Given information:
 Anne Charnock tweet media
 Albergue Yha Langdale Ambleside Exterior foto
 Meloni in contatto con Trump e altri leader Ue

--

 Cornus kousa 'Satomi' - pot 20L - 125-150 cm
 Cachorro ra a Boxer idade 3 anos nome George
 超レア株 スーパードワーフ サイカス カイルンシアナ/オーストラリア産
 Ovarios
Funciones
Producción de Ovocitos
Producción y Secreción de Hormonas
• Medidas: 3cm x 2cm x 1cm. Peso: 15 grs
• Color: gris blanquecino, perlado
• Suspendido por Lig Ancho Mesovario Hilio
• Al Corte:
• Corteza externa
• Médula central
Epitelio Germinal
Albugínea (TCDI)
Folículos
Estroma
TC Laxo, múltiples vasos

---

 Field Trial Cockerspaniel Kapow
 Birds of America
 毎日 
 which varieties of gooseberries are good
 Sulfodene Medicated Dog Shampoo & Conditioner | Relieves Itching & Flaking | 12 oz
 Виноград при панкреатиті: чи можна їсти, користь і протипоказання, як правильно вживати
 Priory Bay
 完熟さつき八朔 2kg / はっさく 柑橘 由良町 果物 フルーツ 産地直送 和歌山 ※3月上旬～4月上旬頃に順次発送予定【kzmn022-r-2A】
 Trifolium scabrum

Required action: Extract each line holding the word "Producción" from the records.

Written response:
Producción de Ovocitos
Producción y Secreción de Hormonas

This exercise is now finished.